Obviously not. Rather, has photography in all its aspects been so thoroughly explored and its language so highly perfected that there just isn’t that much left to say anymore?

Are we all just repeating what’s gone before us? Documentary photographers just repeating the same themes that W. Eugene Smith explored? Social documentarians repeating the same commentary as Robert Frank? Is it really possible to say anything about the human figure that Edward Weston didn’t say better? Can we add anything new to Ansel Adams’ images of the West?

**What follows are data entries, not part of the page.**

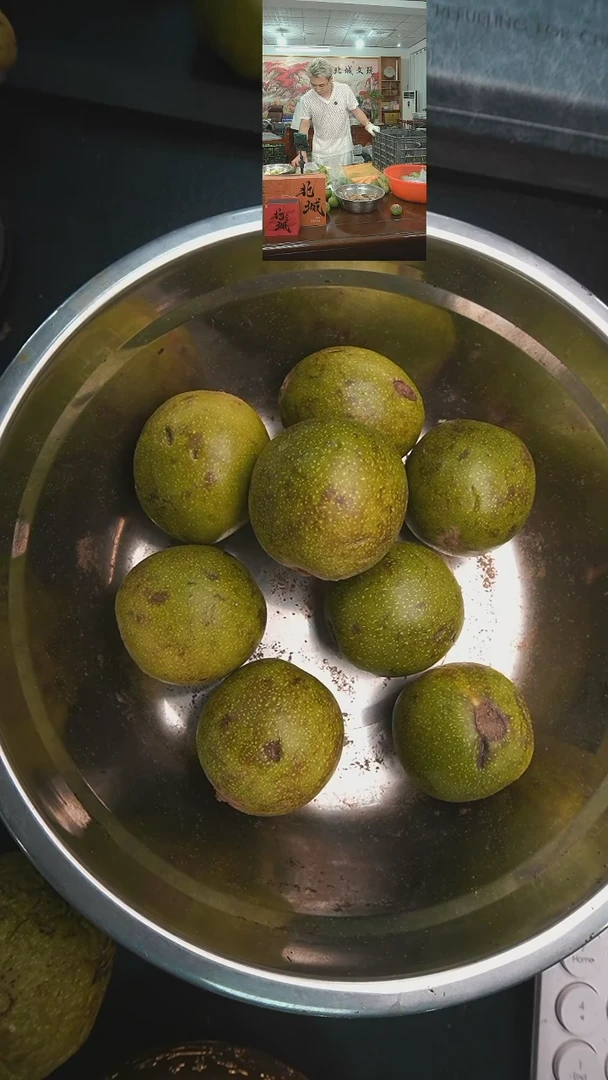 文玩核桃把件青皮盘12个（售出不退不换）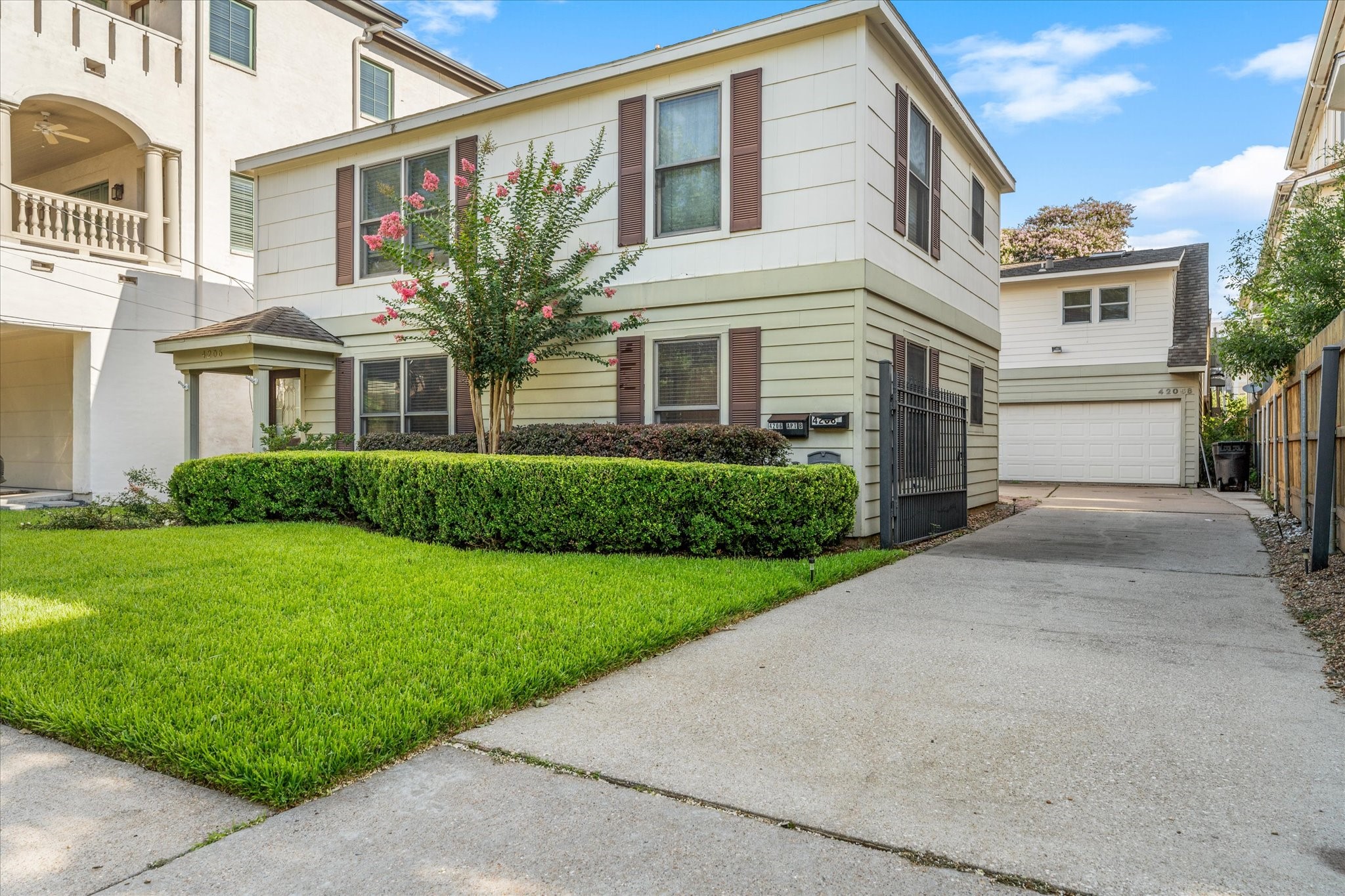 4206 Law Street Houston, TX 77005 - Photo 1 of 37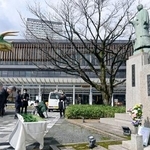 　二・二六事件の発生から９０年となり、松尾伝蔵大佐の胸像前で開かれた献花祭＝７日午前、福井市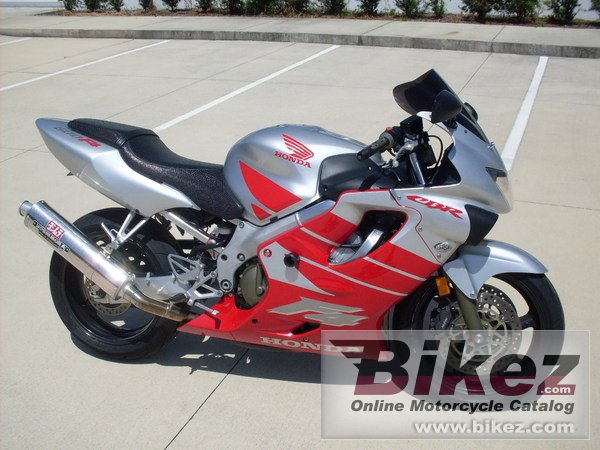 Honda CBR 600 F4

Photography has always been a ubiquitous medium, but in the 21st century we are relentlessly bombarded by images. Photography has always been the art of the masses. First, simply as consumers, collecting images of ourselves, our families, celebrities and exotic sites and scenes. But, within just a few years of its invention, the public became the creators as well.

Reese Robinson, July 2010

Reese Robinson, July 2010, by Mark Gordon

And today, the creation is unrelenting. The cell phone means that everyone carries a camera with them everywhere, always. Each of us has enough photographs of our own life to fill a book or even several books. And, for anyone born in the last 20 years or so, the images begin before they could see or even breathe. That the images usually stop before the individual is laid to rest is only the result of changing fashions – hardly anyone takes pictures of the dead today, but that’s because of our social discomfort with the whole idea of dying.

So, my question isn’t really “is photography dead?” But, maybe it is: has the territory been so overrun, the visual world so ground down by millions upon millions of feet treading the same pathways over and over again, that there is nothing of significance left to say?